# Sunshine Coast - Tuesday 4th December



## Davey G (Jan 15, 2006)

I'll be on the Sunshine Coast for a few days early December and at the moment I have a spare day on Tuesday 4th December.

Any Sunshine Coasters around that are keen for a yakfish on that day and may have a spare yak available?

If so I'd love to meet up and get a bit of local guiding....

If not, does anyone know where I can hire yaks from??

cheers.


----------



## Nic (Dec 11, 2005)

Dave,
Where abouts will you be on the coast?


----------



## Davey G (Jan 15, 2006)

I'll be around the Coolum area so ideally I'd like to check out somewhere around Noosa. May pop in and say g'day to Billybob and se if he has any rental yaks for a day exploring the Noosa River/bays.


----------



## Davey G (Jan 15, 2006)

I'm still gonna be on the SUnshine Coast next Tuesday. Anyone around and available for a fish?
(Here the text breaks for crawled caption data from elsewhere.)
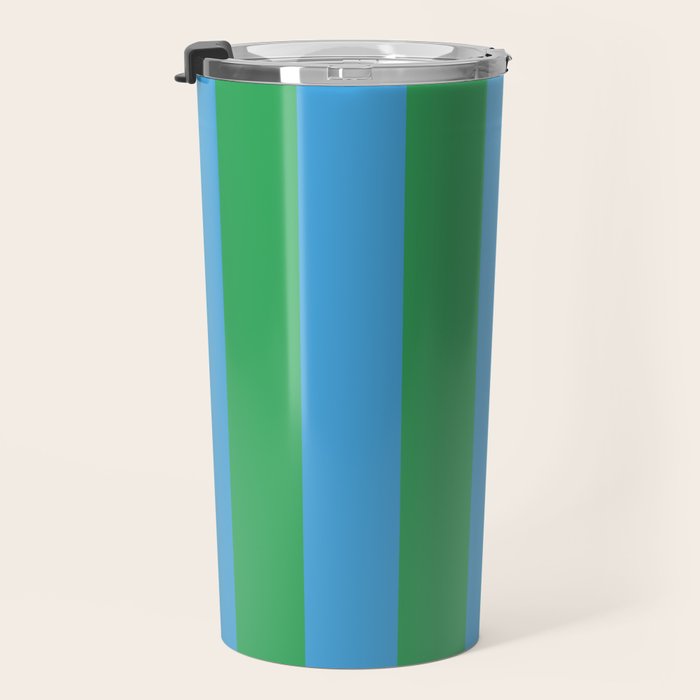 Green Blue Stripe - Joy Of Together Travel Mug Gallery Image 3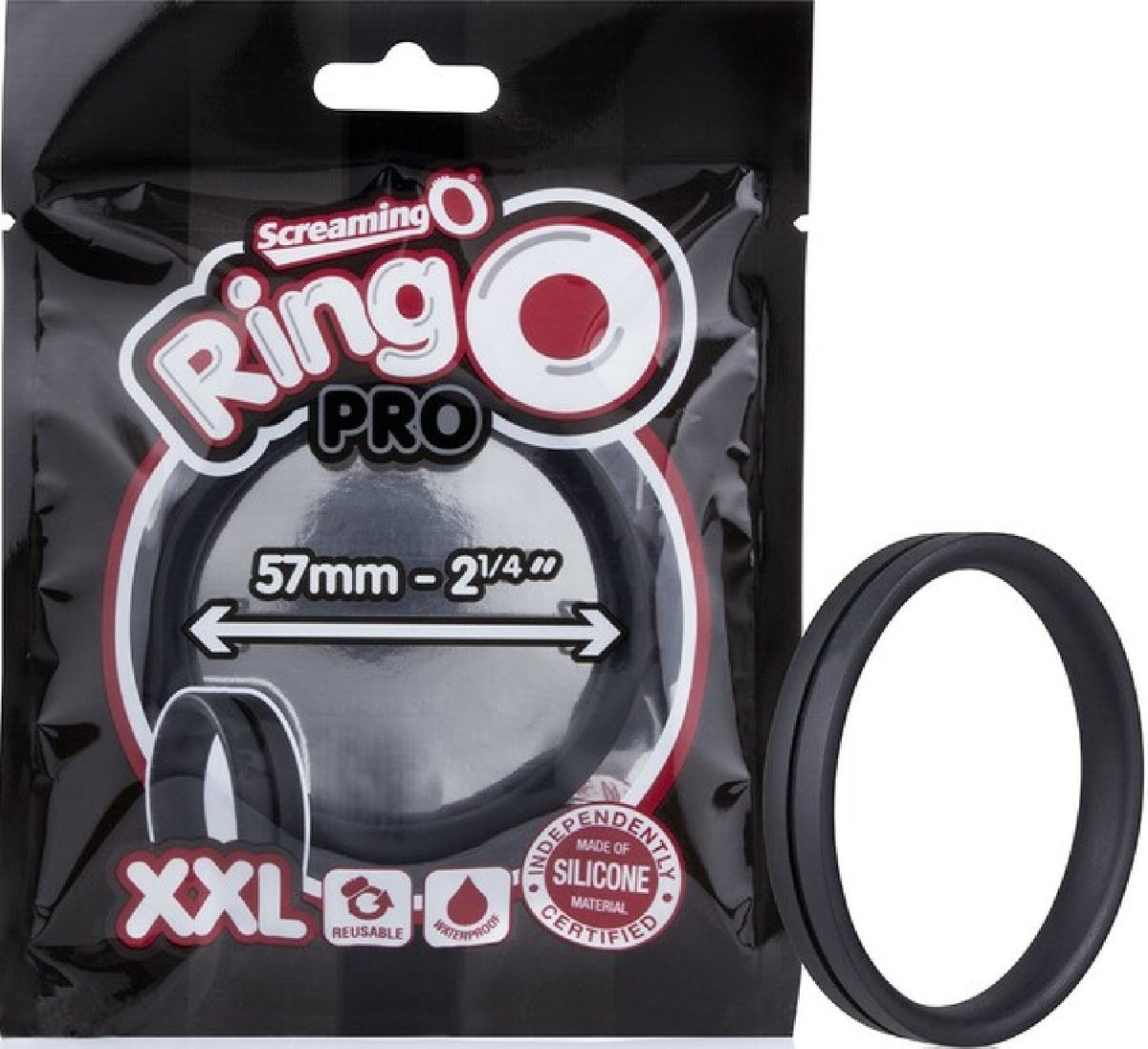 RingO Pro XXL – Stretchy 2.25 Inch Diameter Silicone Erection Enhancer Ring > Cock Ring > Single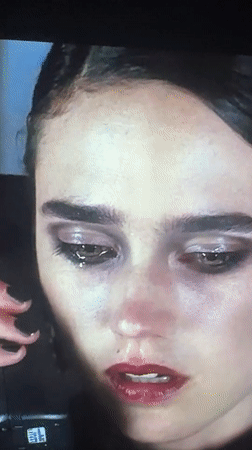 Woman filmed crying with smudged makeup in Sofia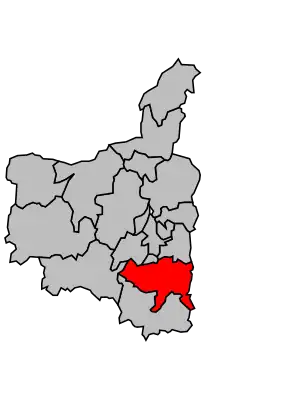 Kanton na mapě arrondissementu Charleville-Mézières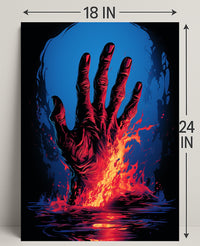 Rising From The Flames Poster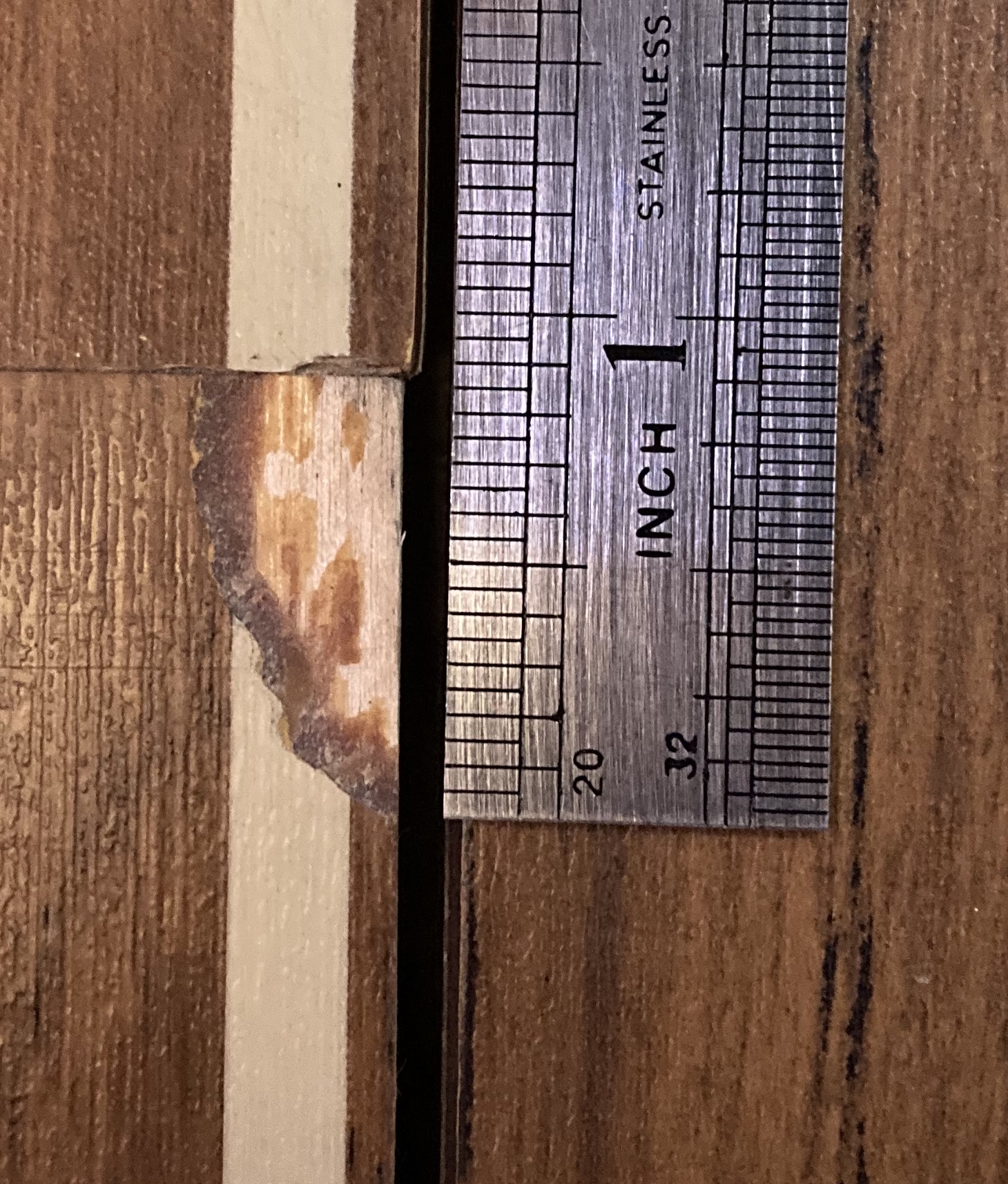 How to repair small chip in cabin sole Sailboat Owners Forums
If not can anyone suggest where I can hire yaks from?


----------



## polylureosis (Jul 24, 2006)

Davey,

Would love to be able to take the day off and show you around: But no chance of that I'm afriad.
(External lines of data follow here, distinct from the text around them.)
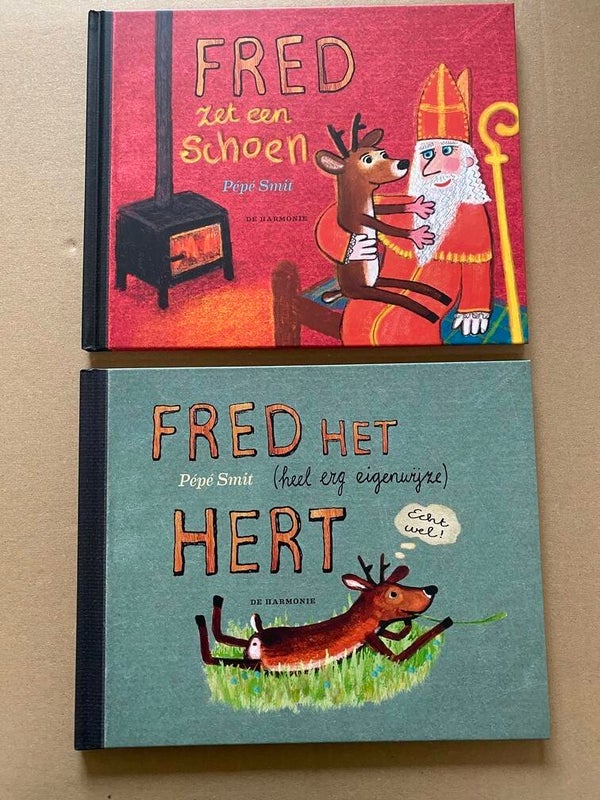 Fred het ( heel erg eigenwijze ) Hert - 2 Delen - NIEUW
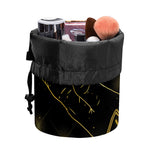Golden Reiki Print Drawstring Makeup Bag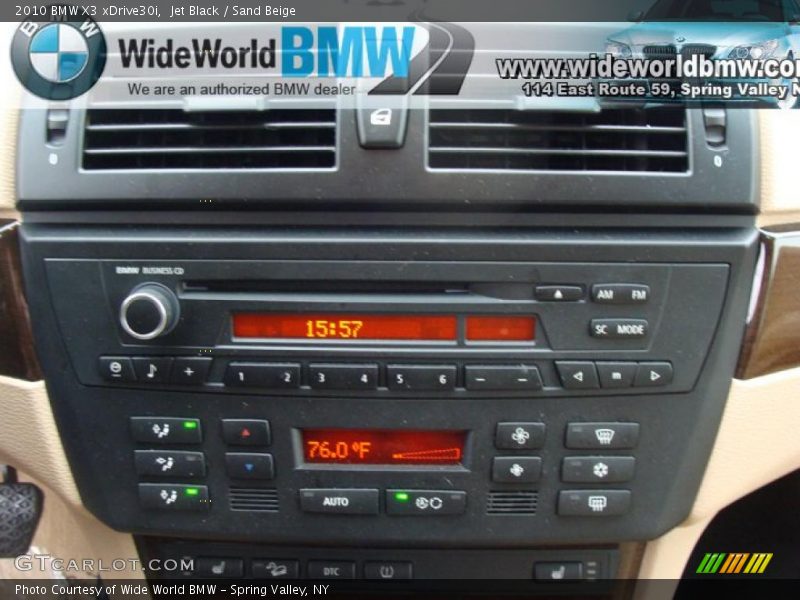 Jet Black / Sand Beige 2010 BMW X3 xDrive30i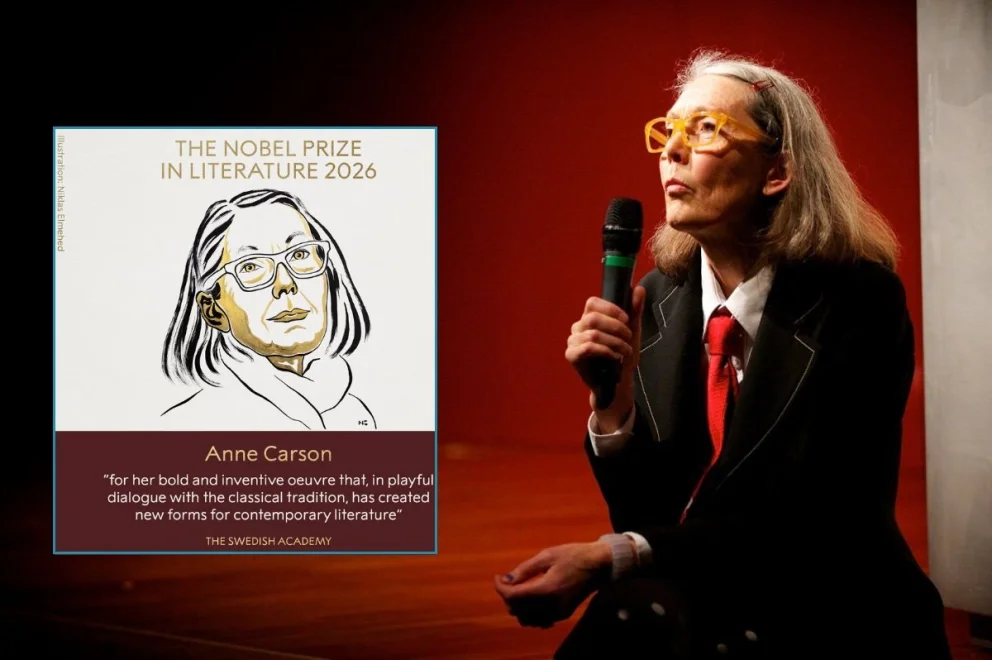 La escritora canadiense Anne Carson fue distinguida con el Nobel de Literatura en un anuncio oficial realizado en la mañana de este jueves 8 de octubre. Foto: archivo/NA
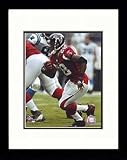 2004 Warrick Dunn Action 1 Framed Photograph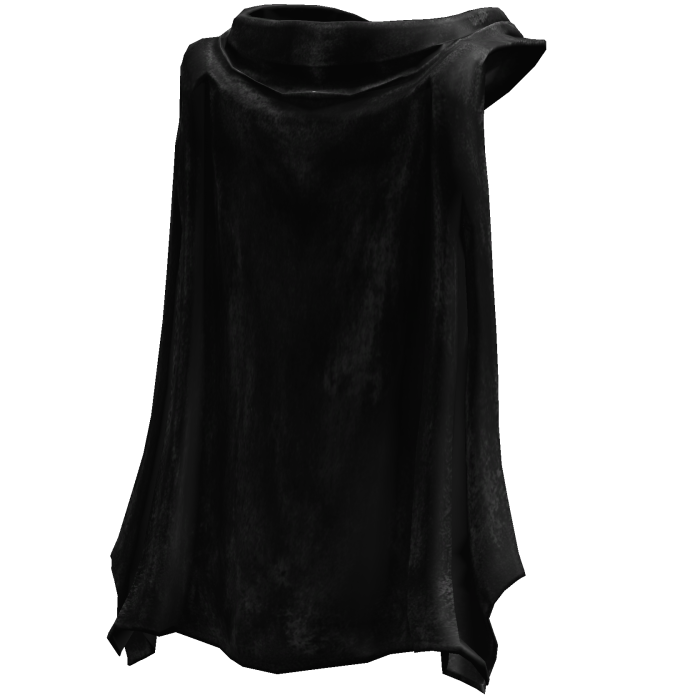 Torn Cape Black
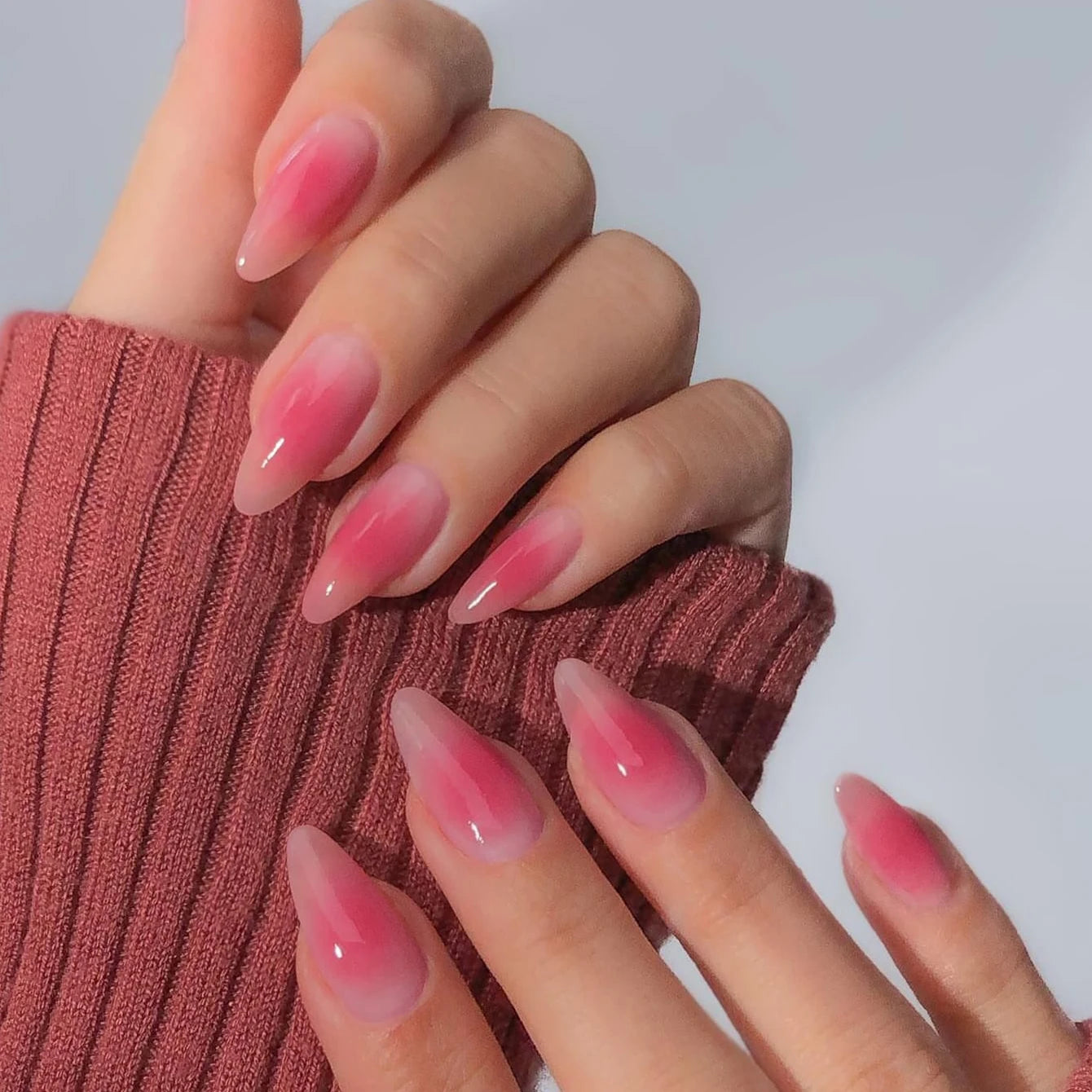 Almond Blush Press-On Nails – Instant Nail Glam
If you are keen on the Maroochy river you can hire basic Yaks from this mob.

http://www.swanboathire.com.au/

It's all of 100 meters to where I caught the flaty and whiting on Monday morning. 
It's quite a nice paddle from Chambers island out to the mouth and back. The staples (flaties and bream) are around but also the chance for trevally, whiting, cod, etc

Ashley


----------